▸ **DATASET CONTENT**:
════════════════

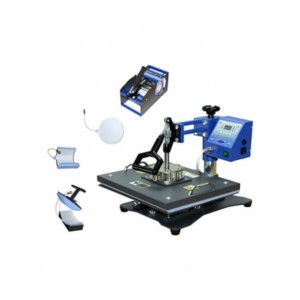 COMBO ΠΡΕΣΣΑ ΘΕΡΜΟΜΕΤΑΦΟΡΑΣ  (5-iN-1) COMBO ΠΡΕΣΣΑ ΘΕΡΜΟΜΕΤΑΦΟΡΑΣ  (5-iN-1)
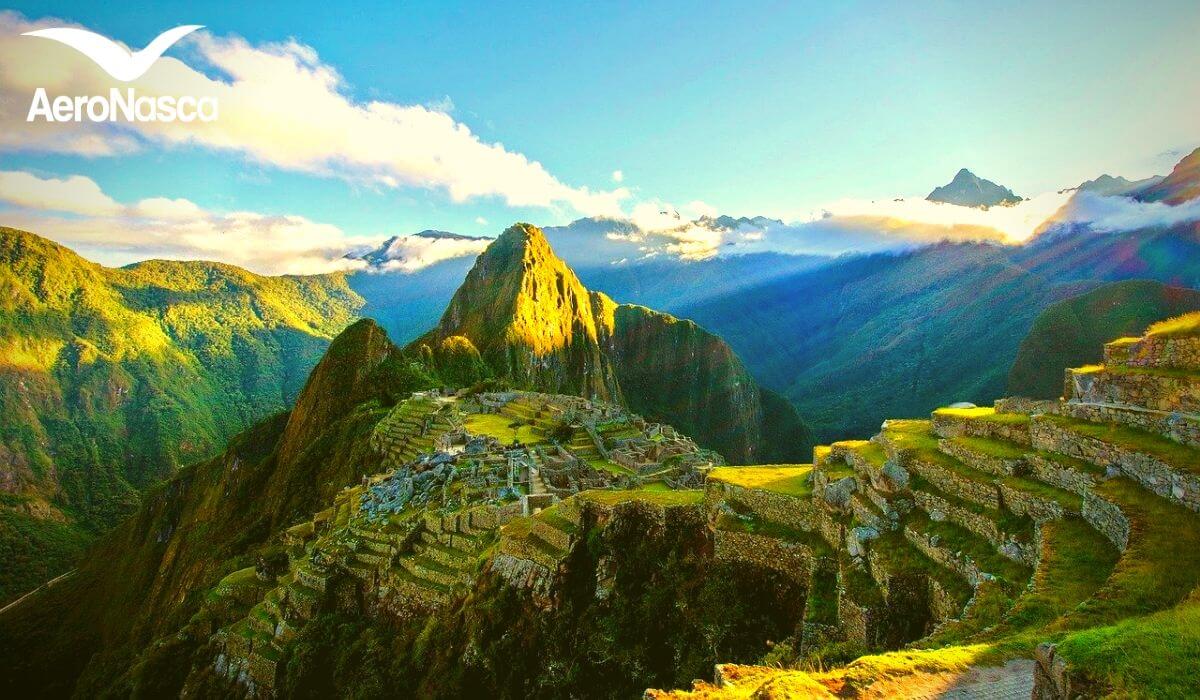 Destinations de Voyage Amerique du Sud Machu Picchu au Pérou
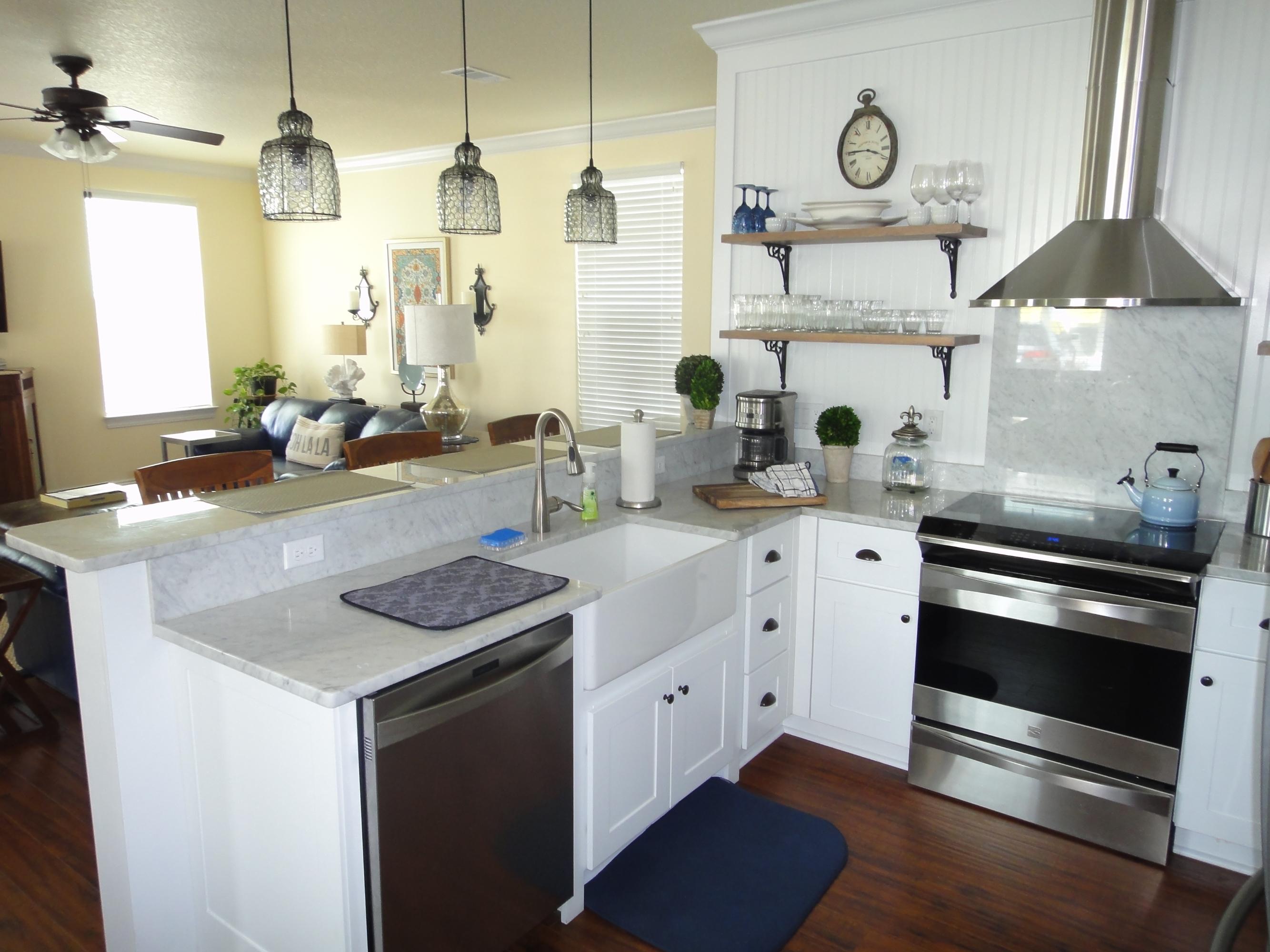 VILLAGES OF CRYSTAL BEACH - Residential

════════════════

▸ **PROBLEM**: Please transcribe each line above exactly, but leave the images out.

▸ **EXERCISE RESPONSE**:
 COMBO ΠΡΕΣΣΑ ΘΕΡΜΟΜΕΤΑΦΟΡΑΣ  (5-iN-1) COMBO ΠΡΕΣΣΑ ΘΕΡΜΟΜΕΤΑΦΟΡΑΣ  (5-iN-1)
 Destinations de Voyage Amerique du Sud Machu Picchu au Pérou
 VILLAGES OF CRYSTAL BEACH - Residential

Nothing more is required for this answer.